# Battle for Macragge



## slaine69 (Jun 4, 2009)

yo guys this is the latest 40k piece I done hope you 'dig it' (last two words voiced by Randy Savage)


----------



## Dakingofchaos (Sep 29, 2009)

This is actually pretty good, im impressed! +rep! what did you use to draw it?


----------



## Arkeoptrix (Oct 8, 2010)

Pretty awesome. For some reason the one with the sword reminds me of Megaman.


----------



## Doelago (Nov 29, 2009)

Thats pretty fucking awesome...


----------



## Professor Pumpkin (Jun 25, 2010)

Fucking hell, that's like grade A shit! You ever considered drawing for The Heretic? +rep for an amazing drawing, that with your permission, I will use as my background image.


----------



## raider1987 (Dec 3, 2010)

Amazing. Talented man. Would you consider doing some art of Horus himself?


----------



## thisisaguard111 (Oct 20, 2010)

damn really wish there was a jaw drop smiley thing


----------



## Stugmeister (Apr 21, 2009)

Great job sir! 

I really like how hectic the pic is, how much is going on.


----------



## unxpekted22 (Apr 7, 2009)

Hopefully this isnt a disappointing comment but my favorite part of the picture has to be the background with all the gargoyles and stuff flying all over the ships.


----------



## Midge913 (Oct 21, 2010)

As always Slaine you continue to impress! An excellently composed piece!
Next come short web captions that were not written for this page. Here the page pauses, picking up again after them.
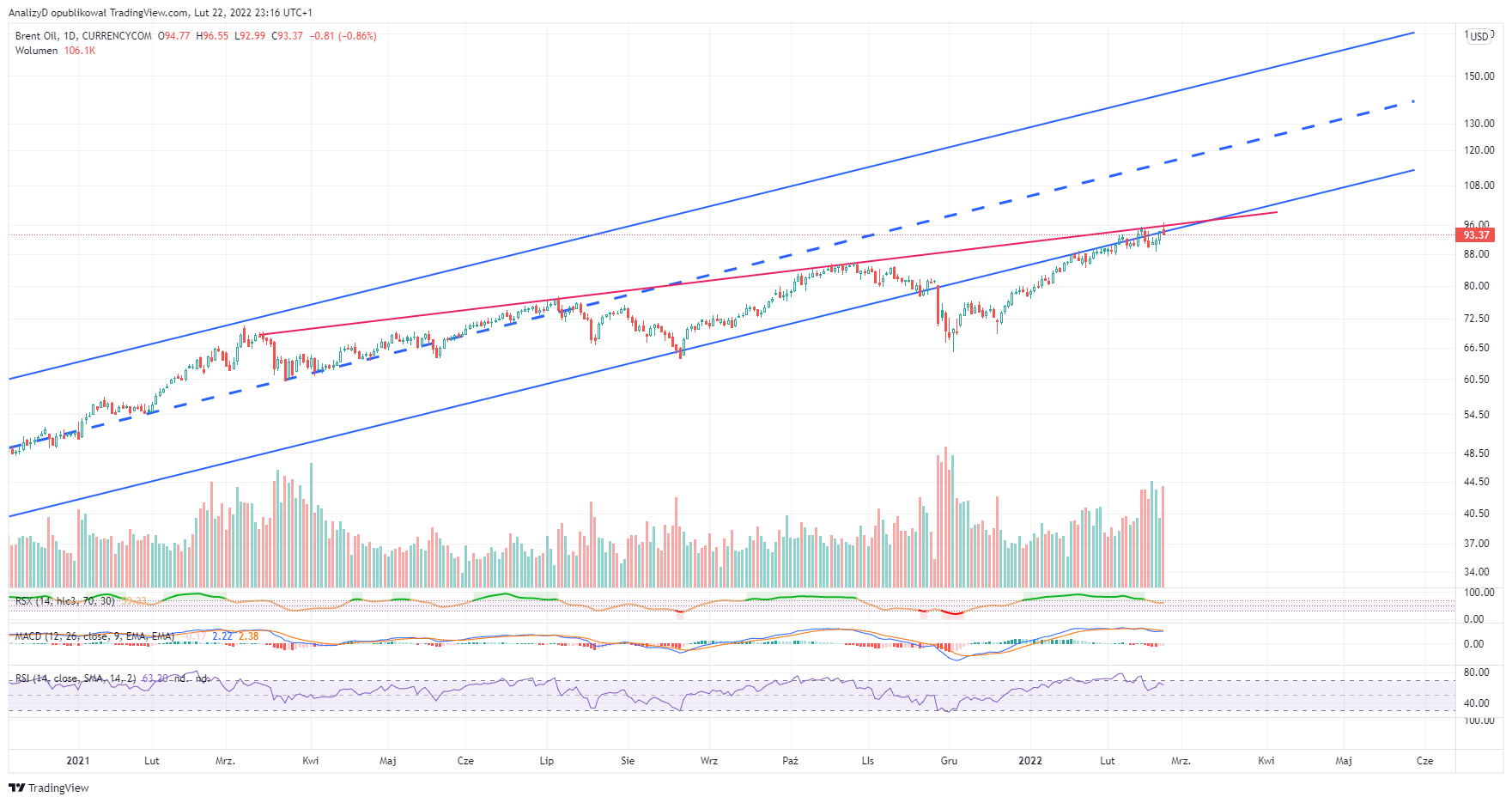 CURRENCYCOM:OIL_BRENT Chart Image by AnalizyD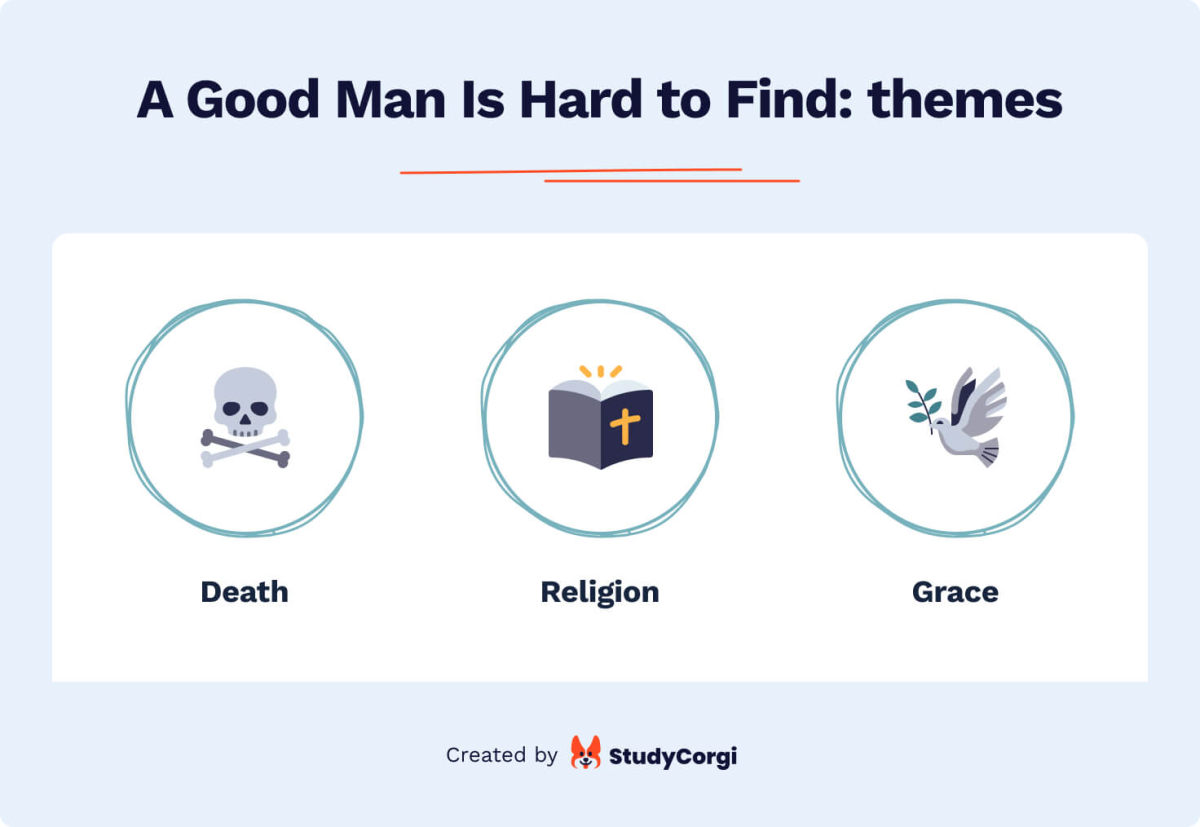 The picture lists A Good Man Is Hard to Find themes: religion, death, and grace.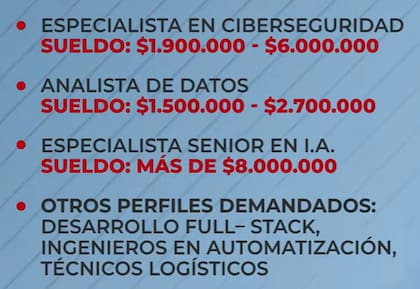 El rango salarial de las carreras más demandadas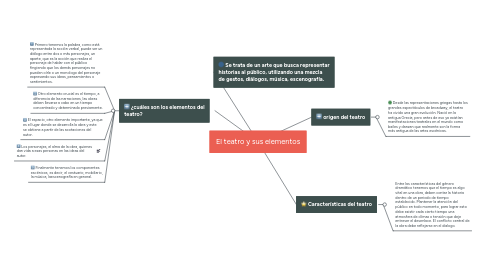 Mind Map: El teatro y sus elementos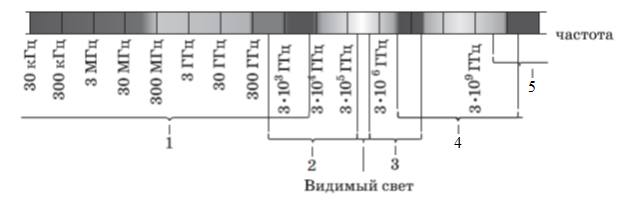 Иллюстрация к заданию, рис.1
Absolutely love it! +rep


----------



## slaine69 (Jun 4, 2009)

Dakingofchaos said:


> This is actually pretty good, im impressed! +rep! what did you use to draw it?


thanks a lot dude I'm glad you like it , for this I used photoshop CS3 and a shit load of reference, if you want any of it let me know and I'll send you the links, just in case there's a speedpaint here


----------



## DrinCalhar (Jul 10, 2010)

So amazing!


----------